A thought inspired by Thursday’s Daf (page) in the Talmud, Gittin 58

Devoid of empathy.

This post presents a philosophical idea inspired by the text of today’s Daf. The Daf is one page in the Talmud that tens of thousands of people study each day. I explain the connection to the text in a comment below. My purpose is to show that there are underlying philosophical assumptions in the Talmud that can have great significance for anybody today trying to understand our complex reality.

There are individuals on this planet who lack empathy. Most people, hopefully, feel a deep emotion of sympathy when they witness or hear about human suffering. However, there are others who do not experience any instinctive or emotional response to suffering, even if they are the ones causing it.

The absence of empathic responses does not mean that these individuals are only cold and calculating. While some may possess such traits, they may also be others who are driven by other emotional instincts such as self-interest, curiosity, vengeance, self-righteousness, delight, or the satisfaction of accomplishing a mission.
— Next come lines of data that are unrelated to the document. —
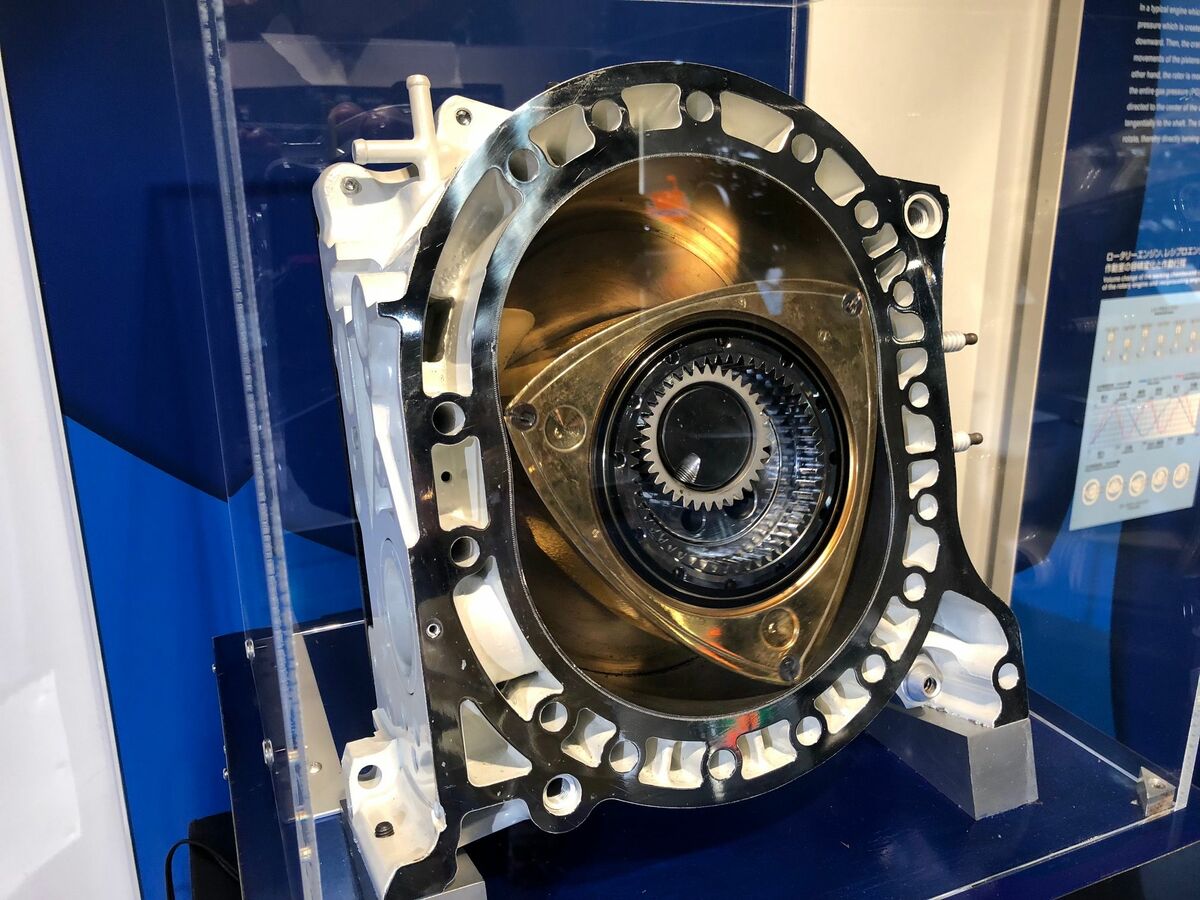 マツダが復活させたロータリーエンジン、「発電機」でも“らしさ”は維持？ そもそも「ロータリー」の良さとは何か？「RX8」を試乗し再確認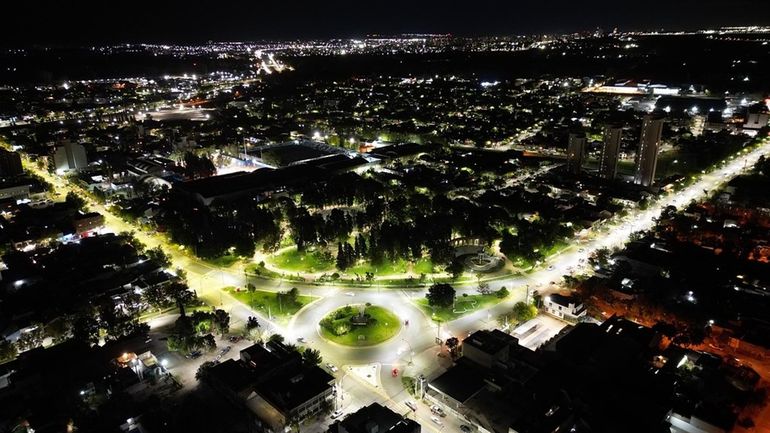 El plan “Cipo más LED” ya alcanzó el 80% de ejecución en la ciudad. Foto: Gentileza.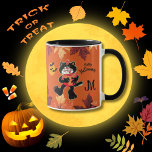 Taza Monograma de calabaza para gatos de Halloween pint<br><div class="desc">¡Qué divertido! Un maravilloso gato feliz de Halloween pintado a mano — el trabajo artístico de Janice Caban. Con murciélagos y luna llena — y nuestro héroe cargando una calabaza. Personaliza tu monograma y lo disfrutarás en los próximos años. Cualquier pregunta de diseño o asistencia, sólo tiene que enviar un...</div>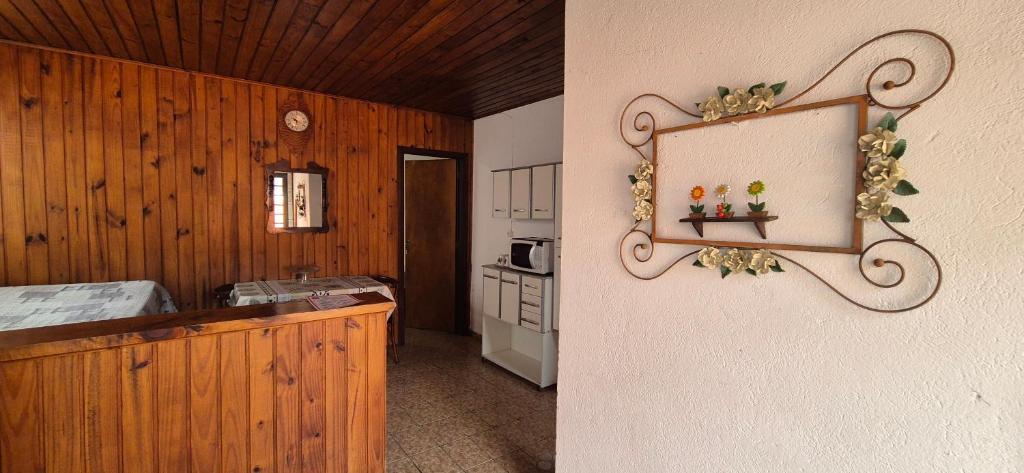 a kitchen with a counter and a mirror on the wall at Kitnet perto da rodoviária Campos do Jordão in Campos do Jordão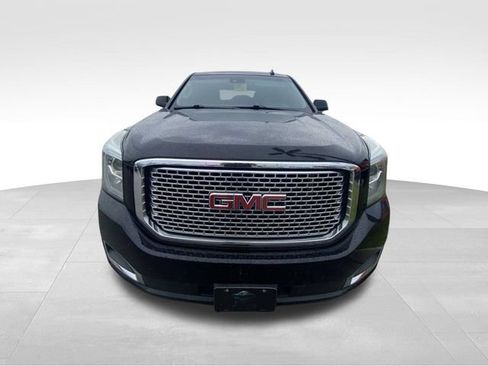 Used 2015 GMC Yukon Denali w/ Open Road Package AWD/4WD image 15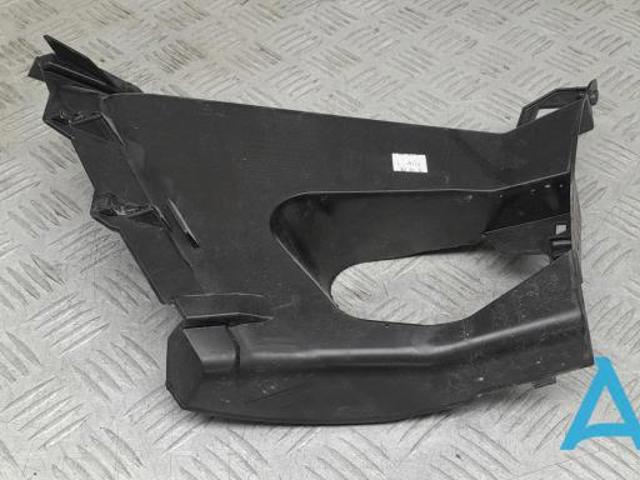 Праве кріплення переднього бампера 3CM807884 VAG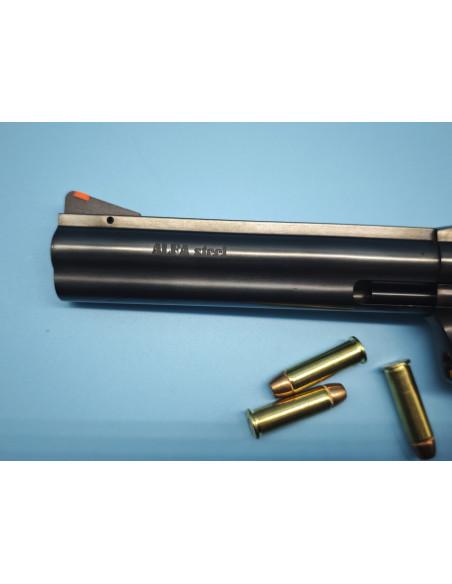 Revolver ALFAPROJ Black Cal. 22 LR modèle 2261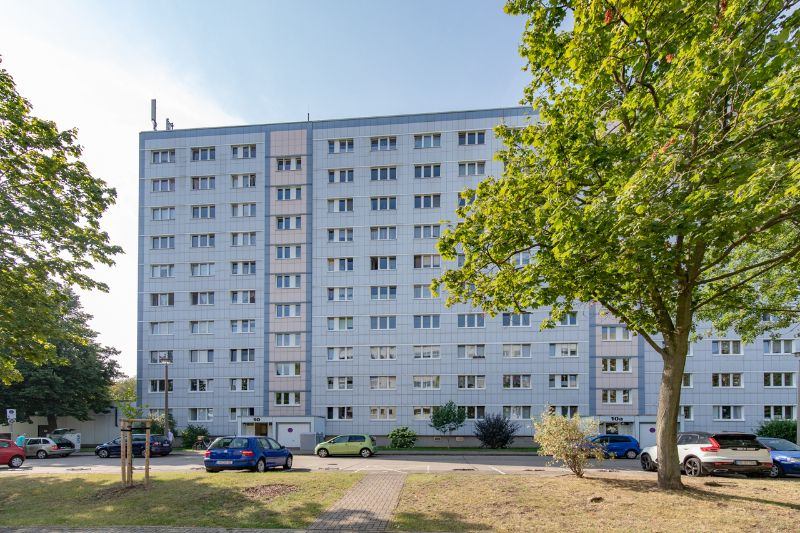 Wohnung zur Miete 329 € 2 Zimmer 49,1 m²<br/>Wohnfläche 10.<br/>Geschoss ab sofort<br/>Verfügbarkeit Bertolt-Brecht-Straße 10c Schilfbreite Magdeburg, 10. Etage links Mitte 39120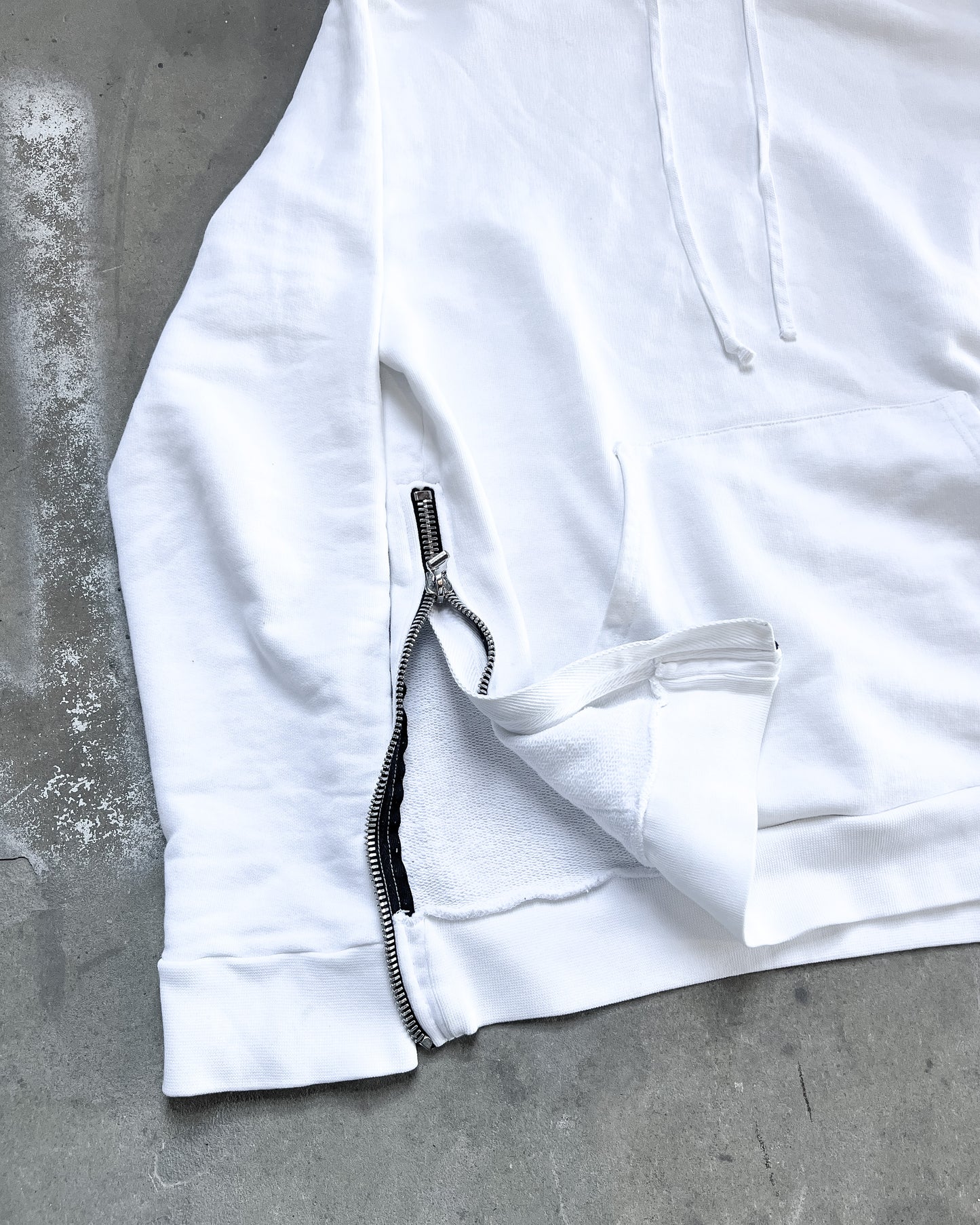 WHITE SIDE ZIP HOODIE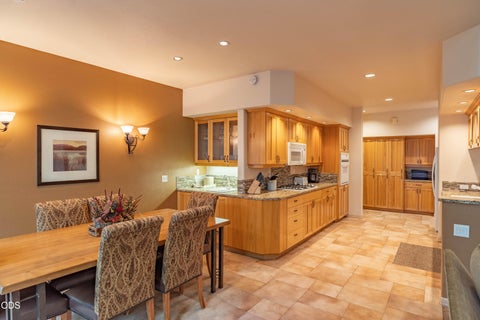 Tiny photo for 56978 Peppermill Circle #04-I, Sunriver, OR 97707 (MLS # 220229909)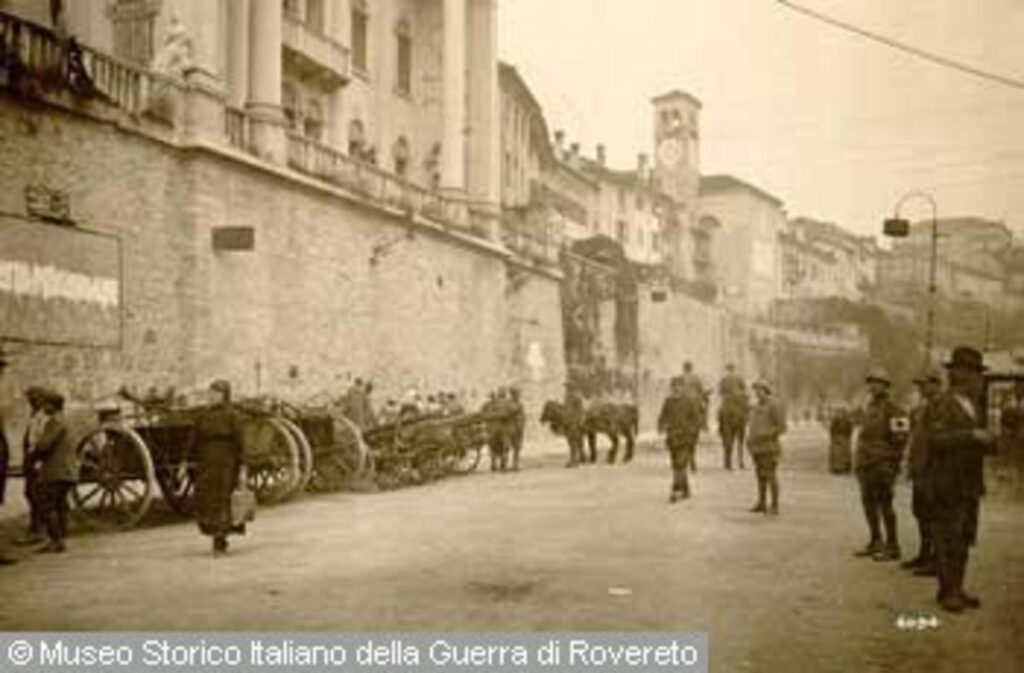 Le truppe austro-tedesche entrano a Feltre. Sin dai primi giorni di occupazione vengono registrati episodi di violenza.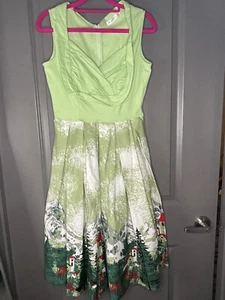 HUA LAN DRESS Ski Christmas Tree Size Small Look New - Picture 1 of 6
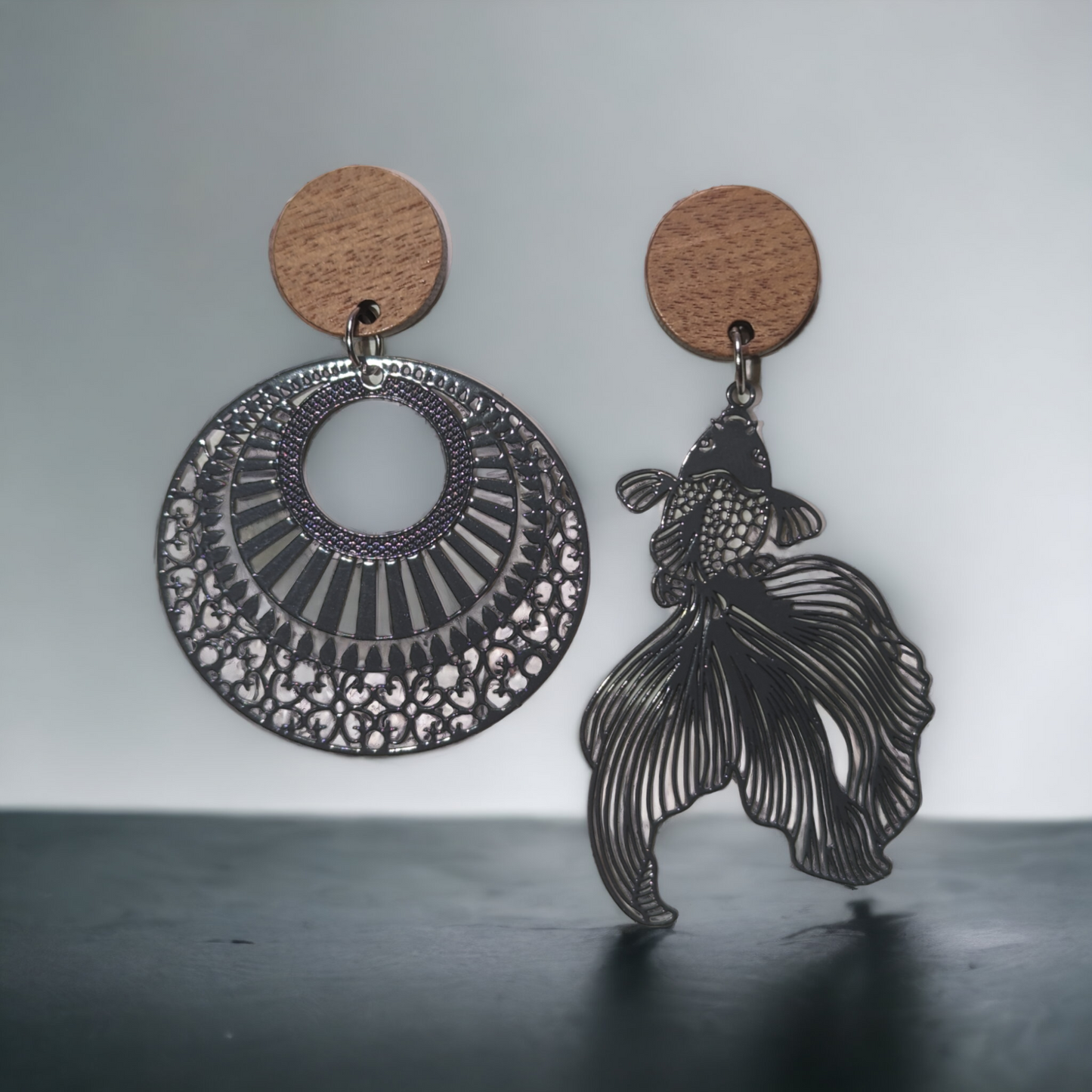 Boucles d'oreilles asymétriques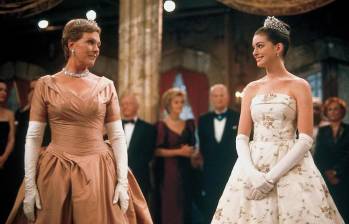 Anne Hathaway y Julie Andrews interpretaron a Mia Thermopolis y la reina Clarisse en ‘El diario de la princesa’. Foto: Disney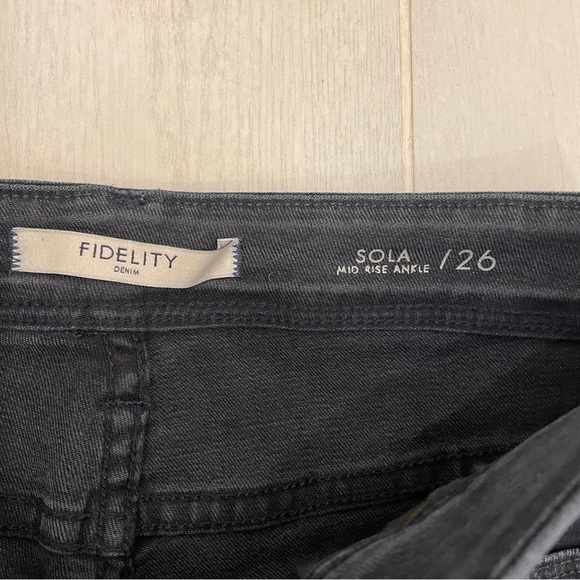 FIDELITY Sola Mid Rise Ankle Jean - Picture 6 of 8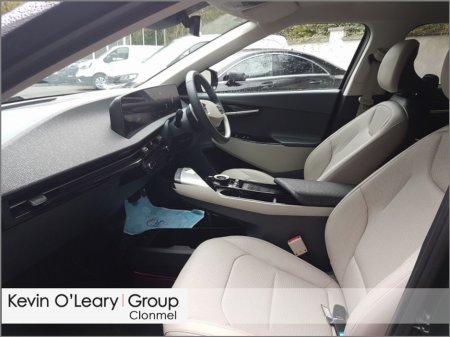 2023 Kia EV6 - thumbnail 4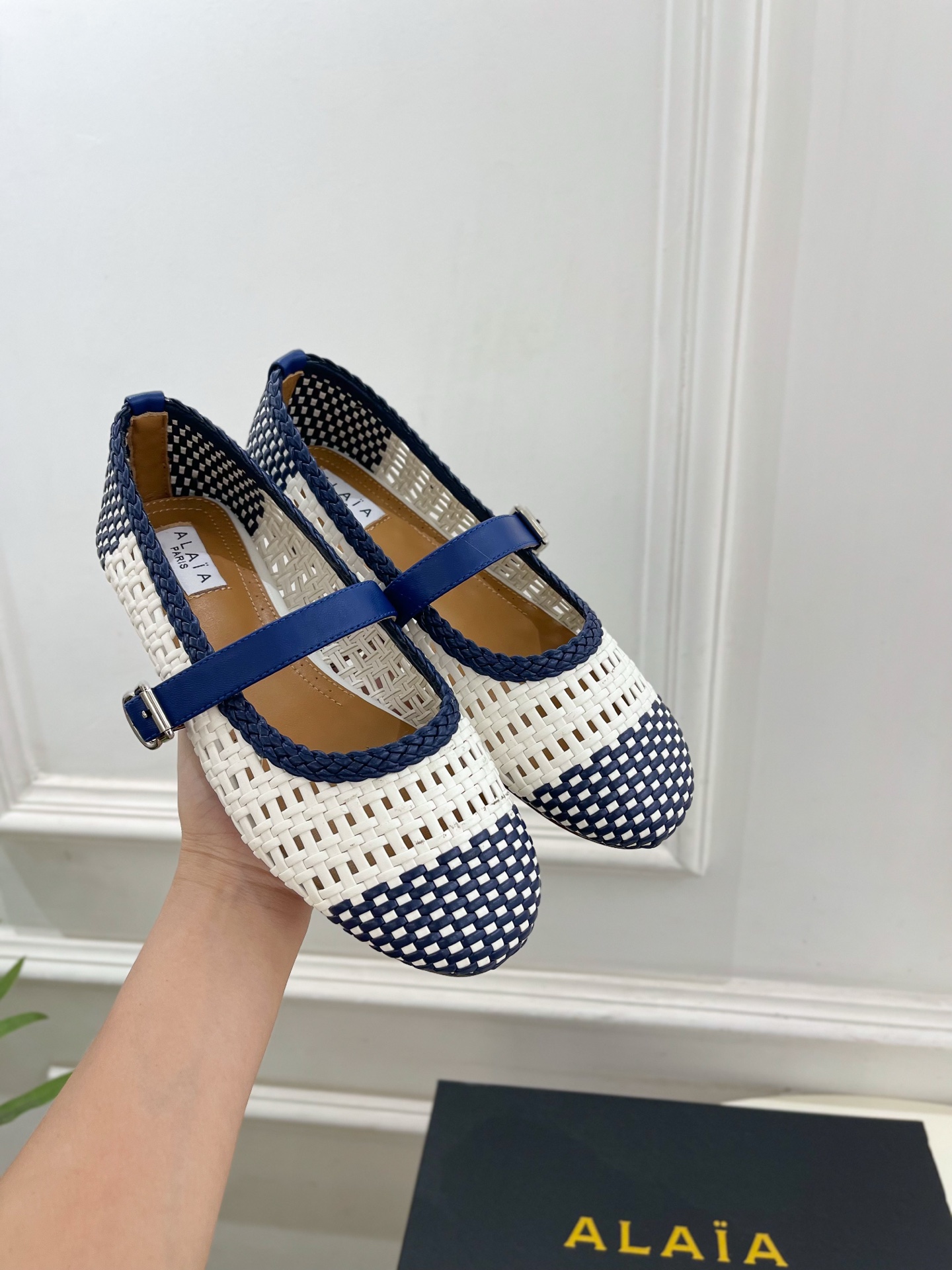 ALAÏA 阿莱亚25SS春夏新品 镂空编织玛丽珍平底鞋
—————————
Alaïa作为这两年最受欢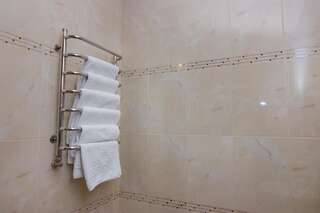 Отель Шахерезада Винница Трехместный номер Делюкс-2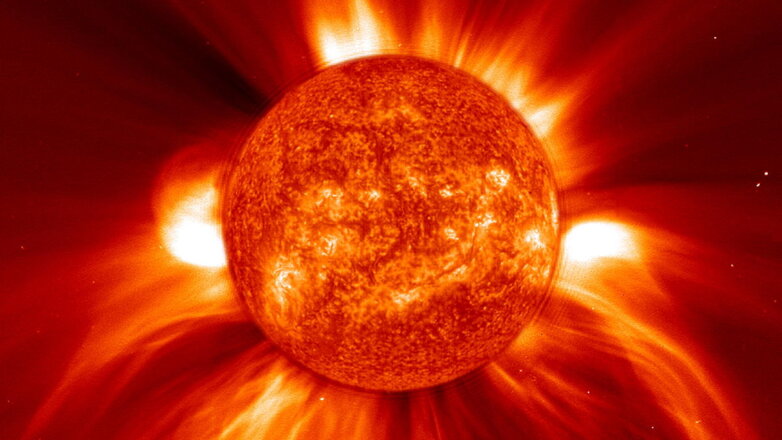 Эксперты оценили опасность новой мощной вспышки на Солнце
The ability or inability to feel empathy is not a binary distinction. Some people may feel little empathy, while others are profoundly affected by the pain of others. Additionally, it is not a one-dimensional spectrum. Some individuals may feel strong empathy for those close to them, but none for those they see as “other.” Furthermore, individuals may differ in whether they only experience empathy in the direct presence of suffering or if they are equally affected by third-hand reports.

Perhaps the reason some people completely lack the instinct for empathy is due to a simple hereditary flaw, similar to a flawed trait of kidney function. On the other hand, empathic receptivity may be influenced by culture or childhood experiences. The precise role of these factors and the proportion of individuals who are innately flawed in this regard versus those influenced by environmental factors remains unknown.

What we do know is that at various times and locations during the 20th century, for example, there were numerous instances in which people in positions of power or bystanders showed no emotional response to the suffering they caused or witnessed. Read this.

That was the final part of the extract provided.